The best explanation I've found about quadcopter flight control is Gareth Owen's article called "How to build your own Quadcopter Autopilot / Flight Controller". Basically, you can control a quadcopter in two different ways:
- In "Acrobatic" or "Rate" mode: the user's input (i.e. moving the sticks on the transmitter) tells the controller at what rate/speed the aircraft should rotate on each axis (yaw, pitch and roll). In this mode the user is constantly adjusting the quadcopter rotational speed which is a bit tricky but allows acrobatic maneuvers, hence it's name! The "acro" controller is the easiest you can implement and it only requires a gyroscope in terms of hardware. The basic KK board I was using previously is an Acro controller.
- In "Stabilized" mode: this time the user's inputs indicate the angles on each axis that the aircraft should hold. This is far easier to pilot: for example: if you center the sticks, the aircraft levels. Technically, a stabilized flight controller internally uses an Acro flight controller. In terms of hardware, in addition to the gyroscope, this controller needs an accelerometer (to distinguish up from down), and optionally a magnetometer (to get an absolute reference frame).
So let's start at the very beginning: an Acro flight controller working on a single axis. Here's the kind of loop behind such a controller:
- Get the latest user's inputs:
- The desired rotation rate around the axis (in degrees per second)
- The throttle value (in my case, unit-less "motor-power" between 0 and 1)
- Get a reading from the gyroscope (a rotation rate in degrees per second)
- Determine the difference between the measured rotation rate and the desired one: this is the error (still in degrees per second)
- Use the PID magic on this error to calculate the amount of motor-power to apply to correct the error. This is the same unit as the throttle.
- Add this correction to the throttle value, and send the result to one motors. Subtract the correction from the throttle value and send the result to the second one (the [0..1] value is converted into a pulse-width in microseconds, i.e a PWM signal that the ESCs understand)

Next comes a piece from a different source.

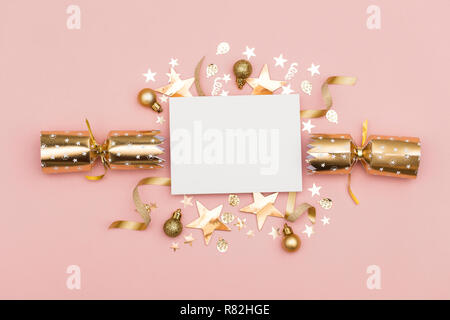 Gold Christmas cracker with a blank white label. luxury gold festive cracker on a pastel pink background Stock Photo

And repeat this loop as frequently as possible (for me: the flight control is done at 125Hz, the gyro reading at 250Hz, and the user's input reading at 50Hz). And this is what the result looks like:
Graph colors:
- green: gyroscope reading
- blue: user's "desired" angular rate
- red: throttle value
Notice how the quadcopter rotates at constant speed when the desired angular rate stays at the same non-zero value.